The heterogeneous Northern Sotho are often referred to as the baPedi (Pedi people), because the Pedi make up the largest of their constituent groups. Their language is sePedi.
This society arose in the northern Transvaal as a confederation of small chiefdoms some time before the 17th century. A succession of strong Pedi chiefs claimed power over smaller chiefdoms and were able to dominate important trade routes between the interior plateau and the Indian Ocean coast for several generations.
During the 19th century, Pedi armies were defeated by the Natal armies of Mzilikazi and were revived under the command of a Pedi chief, Sekwati. Boer Voortrekkers in the Transvaal acquired some Pedi lands peacefully, but later clashed with them over further land claims.

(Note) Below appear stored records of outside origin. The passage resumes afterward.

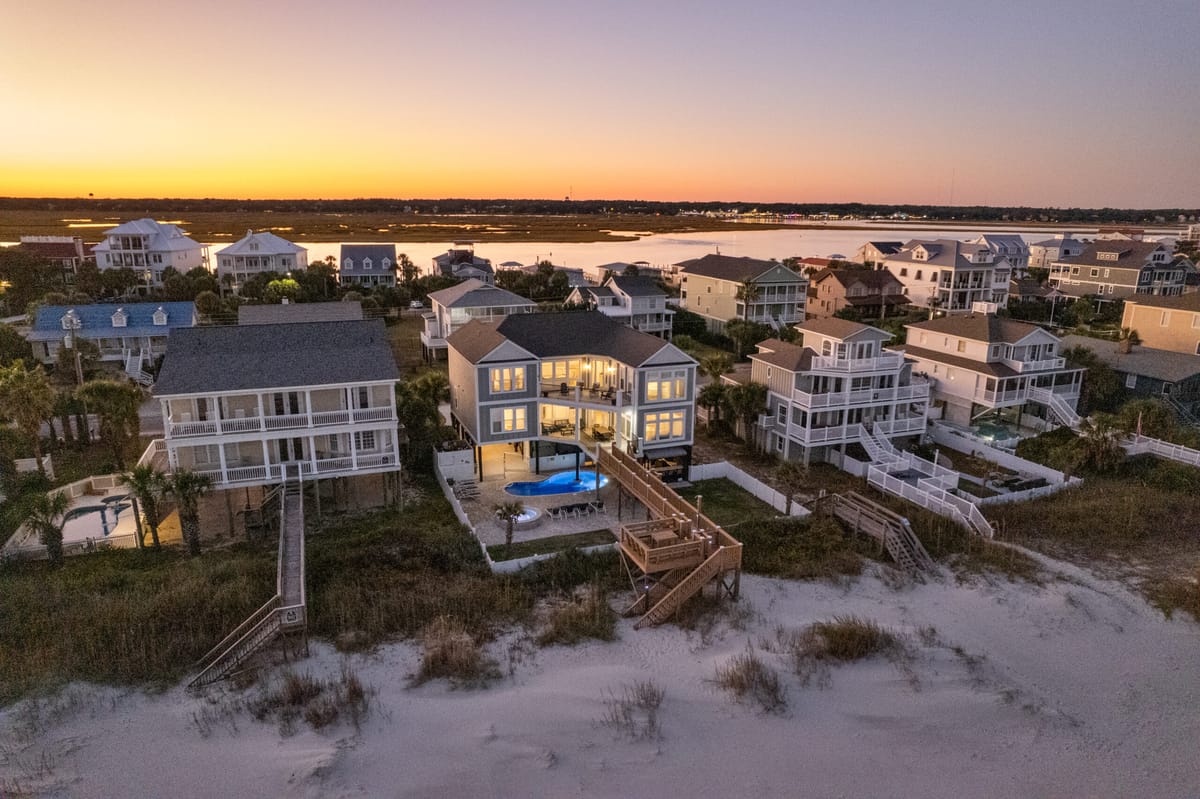 Coastal Beachfront Houses at Sunset with Illuminated Interiors and Pool Overlooking Calm Waters and Sandy Shoreline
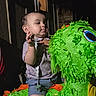 toddler, child, piñata, green, bird, toy, indoor, night, window, curious, clothing, shorts, patterned_shirt, face, hand, expression, colorful, party, celebration, playful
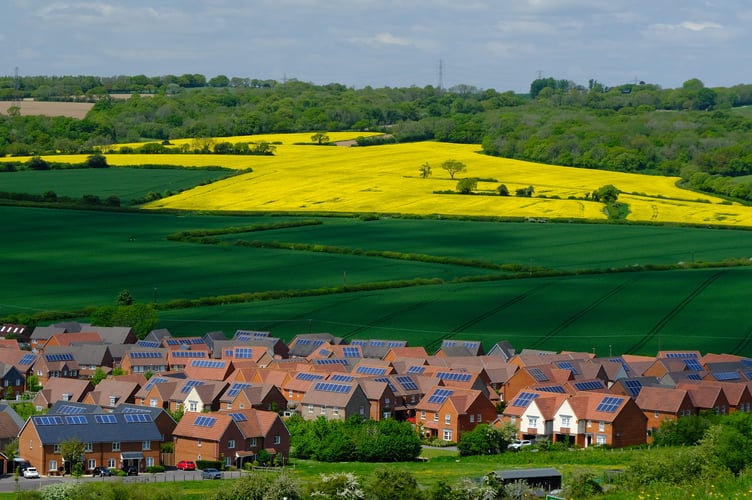 Solar panels on houses in Clanfield, May 2024.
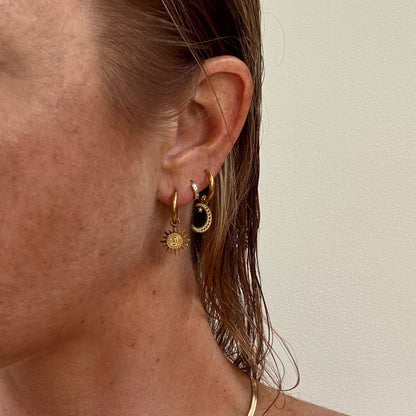 Gold plated sun and moon mismatched huggie hoop earrings from Jessica Rose jewellery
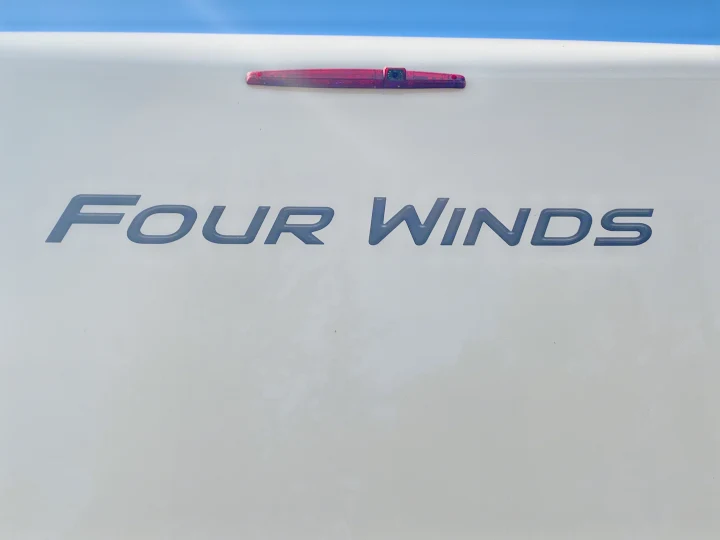 The rear of a white Four Winds RV, equipped with a backup camera and brand name. Great for an RV rental experience.. Thor Motor Coach Four Winds 2019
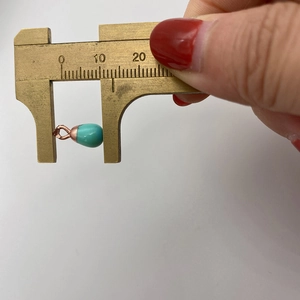 Detail view of turquoise teardrop pendant size measurement using brass vernier calipers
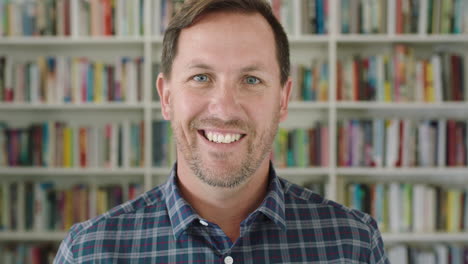 portrait young man student smiling bookshelf library university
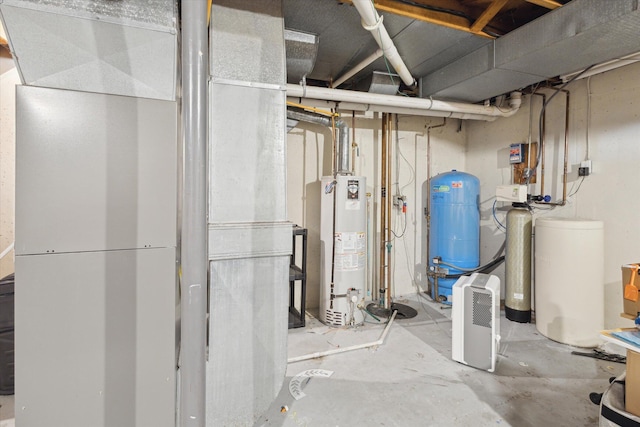 14747 A Dr N, Marshall, MI 49068 - unfinished below grade area featuring a water pressure tank, a water softener, and gas water heater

By the 1870s, the Voortrekker armies were sufficiently weakened from these clashes that they agreed to a confederation with the British colonies of Natal and the Cape until tensions eventually lead to the South African War in 1899.
The smaller Lobedu population makes up another subgroup among the Northern Sotho. The Lobedu are closely related to the Shona population, the largest ethnic group in Zimbabwe, but the Lobedu are classified among the Sotho primarily because of linguistic similarities. The Lobedu have unique magical powers attributed to a female authority figure known as the Rain Queen.
The Northern Sotho homeland of Lebowa was declared a ‘self-governing’ (not independent) territory in 1972, with a population of almost 2 million. It has, of course, along with all the former self-governing territories and ‘homelands’, been fully re-incorporated into South Africa following the first free elections in 1994.
The Southern Sotho peoples are a diverse group many of whom live in South Africa in the area surrounding Lesotho (2 million), and in Lesotho itself (1.6 million). They are often simply referred to as baSotho (Sotho people).
The Sotho were unified during the reign of King Moshoeshoe I in the 1830s. Moshoeshoe established control over several small groups of Sotho and Nguni speakers, who had been displaced by the mfecane.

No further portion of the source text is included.